TO DO =
Copy out all of the lines below exactly; the pictures do not belong in the copy.

EXTRACTED RECORDS =
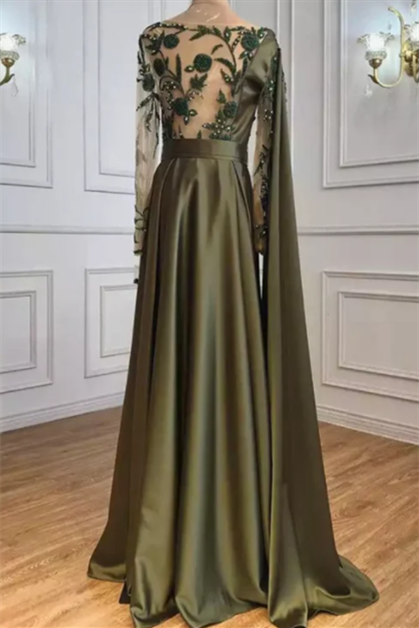 One Shoulder Evening Dress with Cape Long Sleeves - Prom Dresses - DYAVOR®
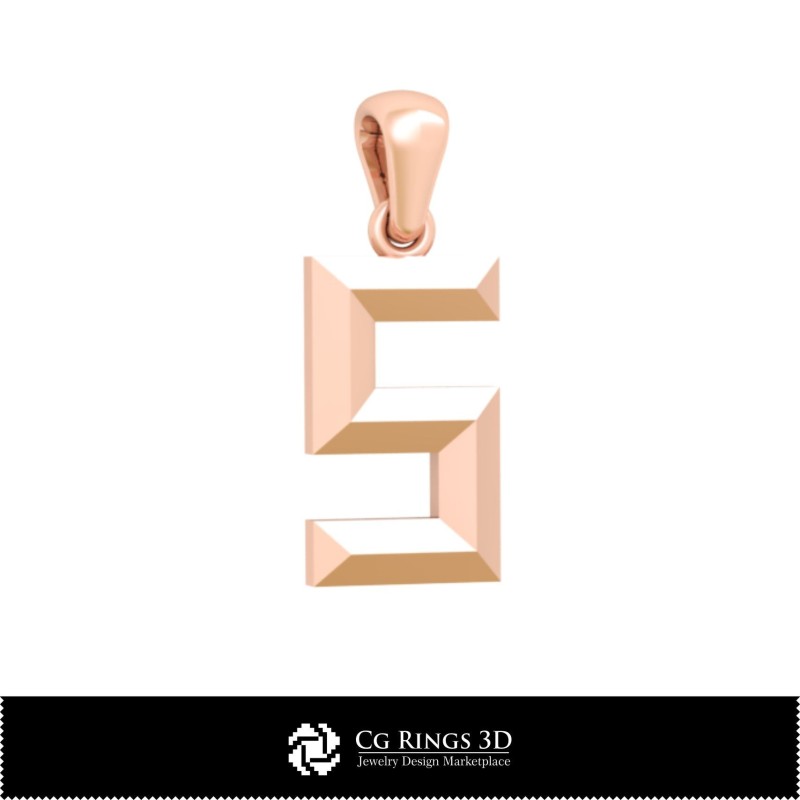Ciondolo 3D CAD con lettera S Casa, Gioielli 3D CAD, Ciondoli 3D CAD, Ciondoli con lettera 3D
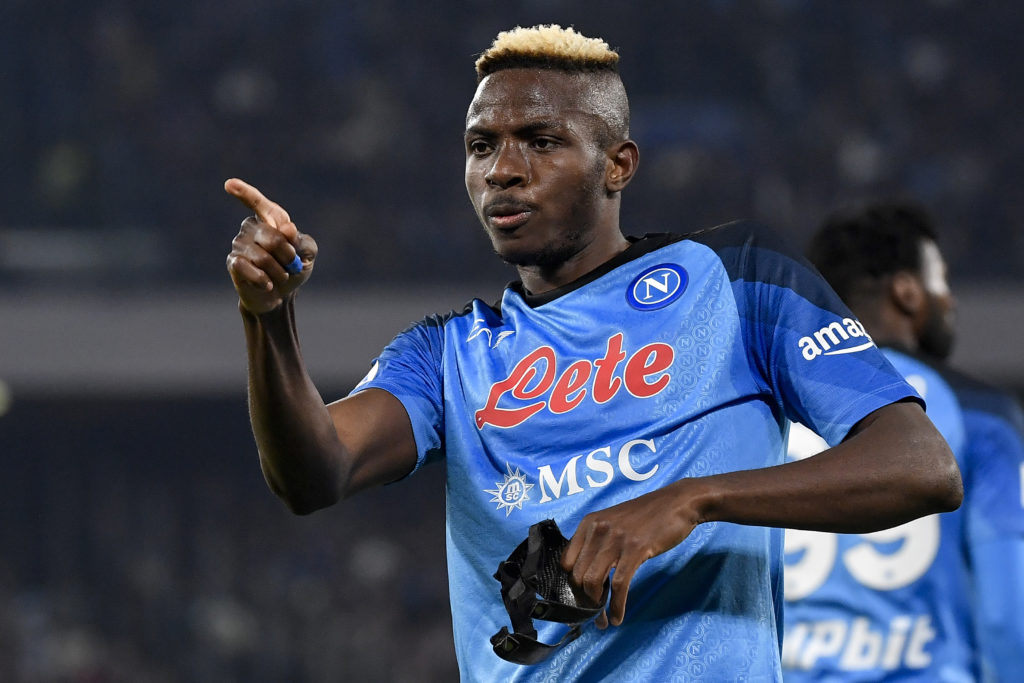 Victor Osimhen of SSC Napoli celebrates after scoring the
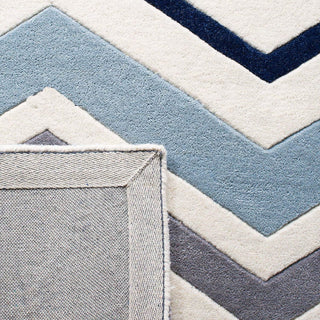 Carpet Planet Zebra Stripes Blue Color Pattern Blue Premium Hand Tufted Carpet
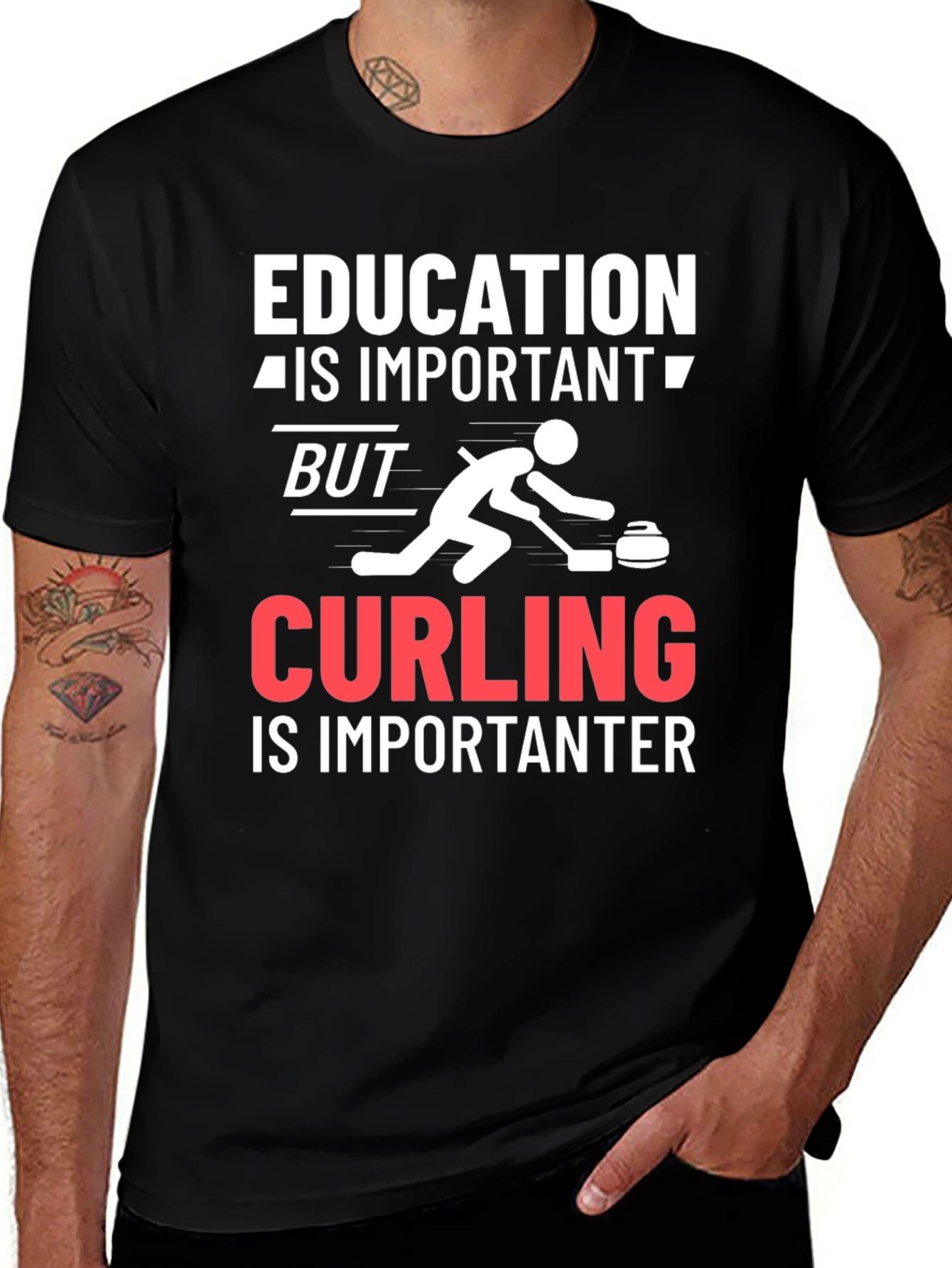 Education Important Curling Importanter T-Shirt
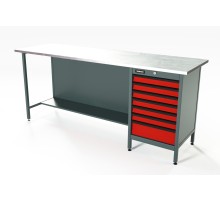 RUNTEC RTS20Z-TS7-NS-3020 Верстак серии Standart, 2000 мм, оцинк, тумба с 7-ю ящиками, красный RAL 3020 RUNTEC RTS20Z-TS7-NS-3020 Верстак серии Standart, 2000 мм, оцинк, тумба с 7-ю ящиками, красный RAL 3020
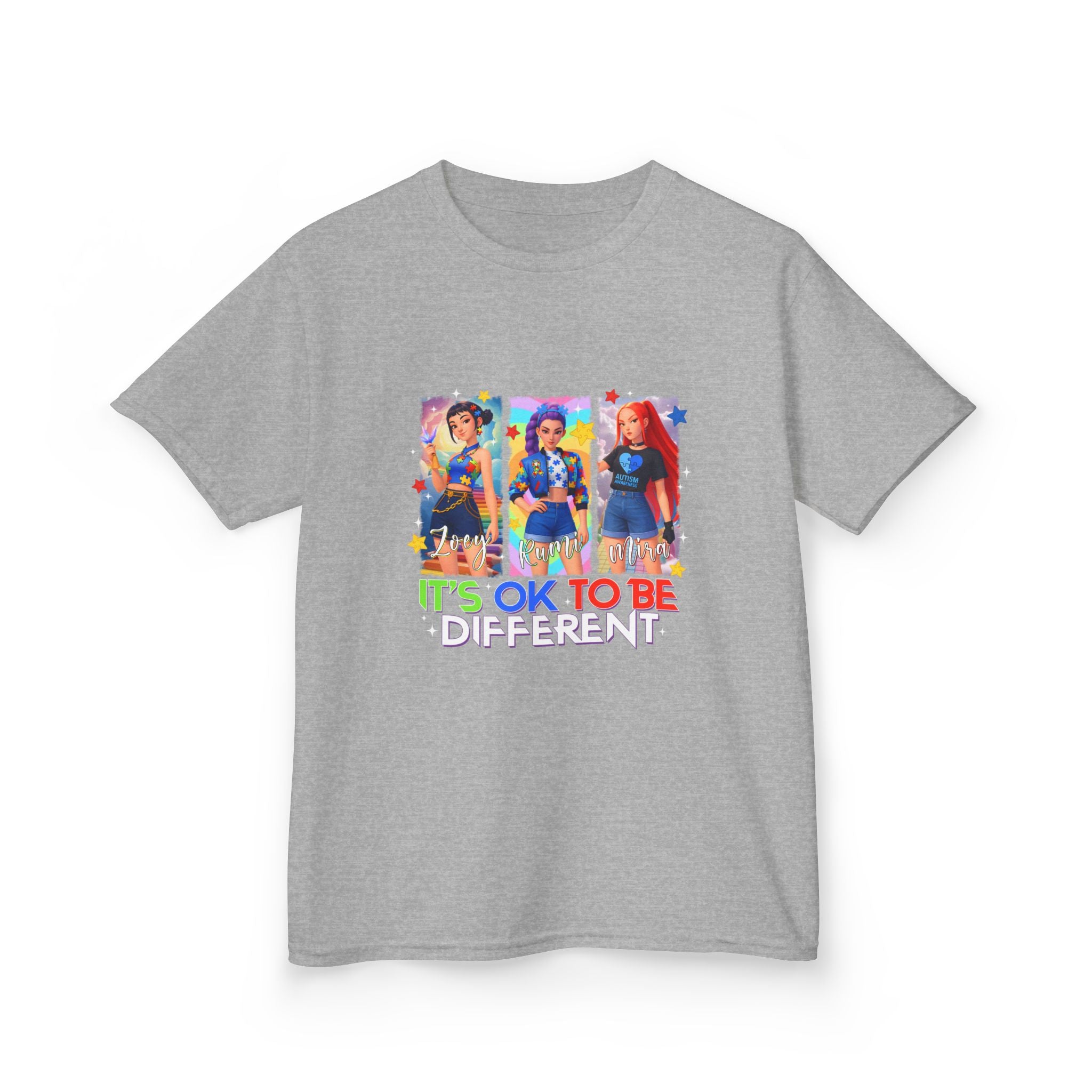 Kids Tee — "It's OK to Be Different" Colorful Pride Graphic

SOLVED EXERCISE =
 One Shoulder Evening Dress with Cape Long Sleeves - Prom Dresses - DYAVOR®
Ciondolo 3D CAD con lettera S Casa, Gioielli 3D CAD, Ciondoli 3D CAD, Ciondoli con lettera 3D
 Victor Osimhen of SSC Napoli celebrates after scoring the
 Carpet Planet Zebra Stripes Blue Color Pattern Blue Premium Hand Tufted Carpet
 Education Important Curling Importanter T-Shirt
 RUNTEC RTS20Z-TS7-NS-3020 Верстак серии Standart, 2000 мм, оцинк, тумба с 7-ю ящиками, красный RAL 3020 RUNTEC RTS20Z-TS7-NS-3020 Верстак серии Standart, 2000 мм, оцинк, тумба с 7-ю ящиками, красный RAL 3020
 Kids Tee — "It's OK to Be Different" Colorful Pride Graphic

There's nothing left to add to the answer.